On Friday, December 3rd, the Internal Revenue Service (IRS) released the 2011 standard mileage rates that employees, self-employed individuals and other taxpayers use to calculate the deductible costs of operating an automobile for business, charitable, medical or moving purposes.  The rates for business, medical and moving purposes rose while the rate for charitable groups was unchanged from 2010.

2011 Mileage Reimbursement Rates
Beginning on January 1, 2011, the standard mileage rates for the use of a car, van, pickup truck or panel truck will be:

  • For Business Related Travel:  51 cents per mile driven… up from 50 cents per mile in 2010
  • For Medical or Moving Purposes:  19 cents per mile driven … an increase of 2.5 cents per mile over the 2010 rate of 16.5 cents per mile
  • For Charitable Use:  14 cents per mile driven… unchanged from 2010

See How the Optional Standard Mileage Rates Have Changed Since 2002

How is the Tax Deductible Mileage Rate Calculated?
The standard mileage rate is based on an annual study of the fixed and variable costs of operating an automobile.  The study is conducted by Runzheimer International which provides business vehicle, travel, virtual office and cost-of-living programs, services and benchmark data to businesses nationwide.  Runzheimer International, which is an independent contractor, has provided annual vehicle cost data to the IRS since 1980.

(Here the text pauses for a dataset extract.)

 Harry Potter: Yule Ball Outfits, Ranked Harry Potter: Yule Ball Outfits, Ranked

In a recent Runzheimer International press release… IRS Establishes Optional Business Mileage Deduction Rate for 2011, they discussed the reasons for the business mileage rate increase…

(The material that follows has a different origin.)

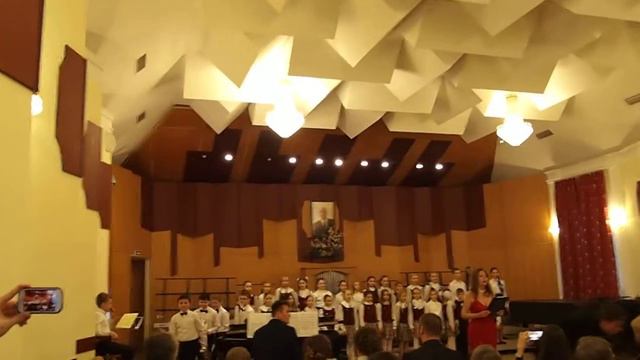 Фанфары Юбилей СМШ им. К.Молчанова смотреть онлайн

"Higher fuel prices are the primary reason for the increase in the national optional business deduction,” said Ted Schuerman, senior project leader, Runzheimer International.  “Other reasons for the change include depreciation, insurance and maintenance costs.  The detailed information we collect annually shows where there are shifts in market conditions nationwide and enables the IRS and many other organizations to make more informed business decisions.”

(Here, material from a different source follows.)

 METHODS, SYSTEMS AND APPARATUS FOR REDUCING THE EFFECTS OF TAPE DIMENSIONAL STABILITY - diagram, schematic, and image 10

When Doesn’t the Business Standard Mileage Rate Apply?
U.S. taxpayers cannot use the business standard mileage rate for:

  • Vehicles that use any depreciation method under the Modified Accelerated Cost Recovery System (MACRS)
  • Vehicles that claim a Section 179 deduction
  • Vehicles used for hire
  • More than four vehicles used simultaneously

Taxpayers always have the option of calculating the actual costs of using their vehicle rather than using the standard mileage rates.

Revenue Procedure 2010-51 contains additional details regarding the standard mileage rates.